Justice Amy Coney Barrett listens as President Donald Trump addresses a joint session of Congress at the Capitol in Washington, Tuesday, March 4, 2025 (Win McNamee/Pool Photo via AP).
The U.S. Supreme Court on Monday vacated a lower court’s temporary restraining orders which had prohibited the Trump administration from deporting Venezuelan migrants through its unprecedented invocation of the Alien Enemies Act of 1798.
While all nine justices agreed that any individual detained under the wartime authority must be afforded notice and due process of law — a clear setback for Trump’s plan to fast-track removals — the most surprising vote was cast by Justice Amy Coney Barrett, who once again threw her lot in with the court’s liberal bloc by joining parts of Justice Sonia Sotomayor’s dissent.
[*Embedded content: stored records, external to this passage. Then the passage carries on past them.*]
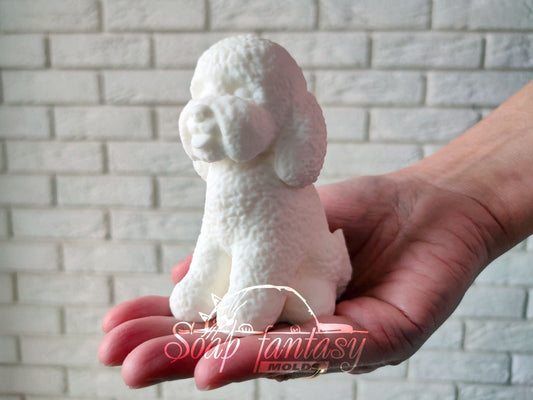 Big poodle silicone mold (mould) for soap making and candle making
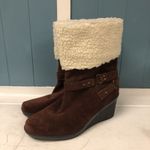 Nine West Nine‎ West Women’s 10 Brown Suede Leather Faux Sherpa Fur Wedge Bootie Boots Photo 1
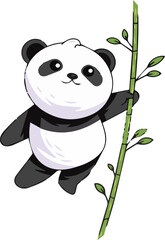 Panda Holding a Bamboo Tree Vector Design 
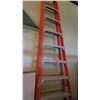 Image 4 : Red Werner 12' Extension Ladder, Max Reach 16'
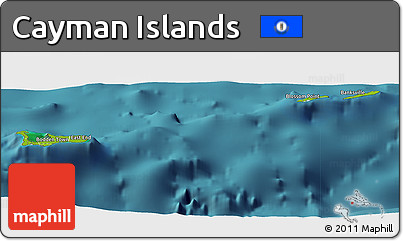 Physical Panoramic Map of Cayman Islands, single color outside, satellite sea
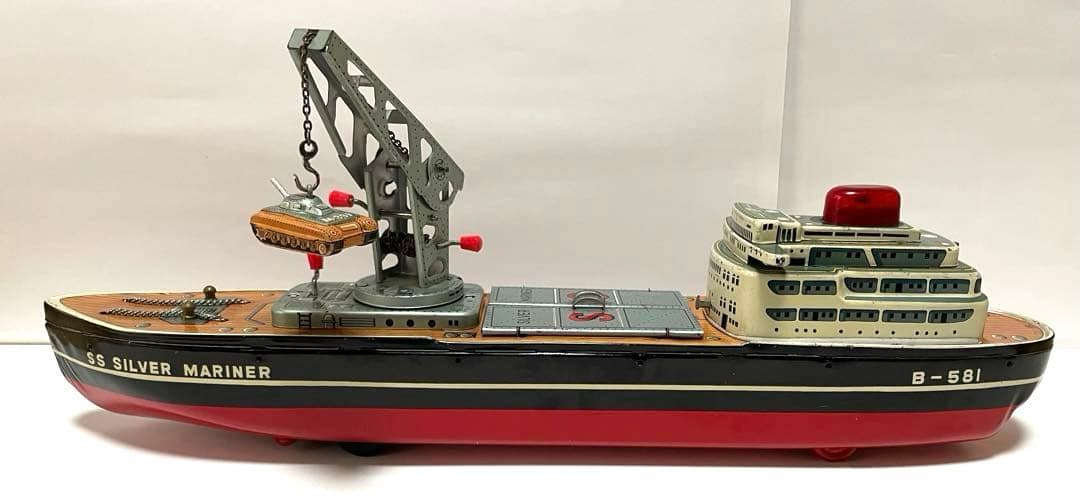 バンダイ 当時物ブリキのおもちゃ【大型クレーン貨物船】S/Sシルバー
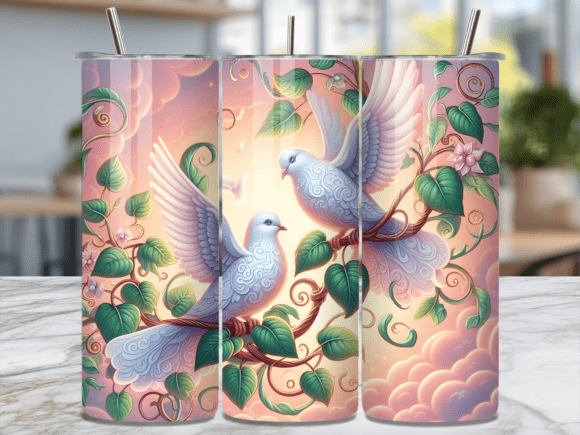 Download Floral White Dove Bird Tumbler Wrap - Tumbler Collection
It is not the first time the Trump-appointed justice had spurned the court’s conservative block — a point that was not lost on the MAGA faithful who cheered her nomination years ago.
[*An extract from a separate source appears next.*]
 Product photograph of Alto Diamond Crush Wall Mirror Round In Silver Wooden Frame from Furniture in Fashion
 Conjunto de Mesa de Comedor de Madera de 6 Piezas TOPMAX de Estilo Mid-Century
In the 5-4 decision on the emergency application, the court ruled on procedural grounds. The majority held that the five Venezuelan plaintiffs should have brought their case as individual habeas corpus petitions in Texas, where they are being held, not Washington, D.C., where they originally filed the class action suit under the Administrative Procedures Act (APA). Habeas petitions involve detainees challenging the legality of their custody and typically seeking to be released.
In a scathing dissent, Sotomayor excoriated the Trump administration for failing to comply with court orders and ignoring its “obligations to the rule of law” and harangued the majority for even intervening in the case at all, saying the decision was “as inexplicable as it is dangerous.” But Barrett shrewdly avoided joining the more harshly-worded portions of Sotomayor’s dissent, only joining the most senior liberal justice in parts II and III-B.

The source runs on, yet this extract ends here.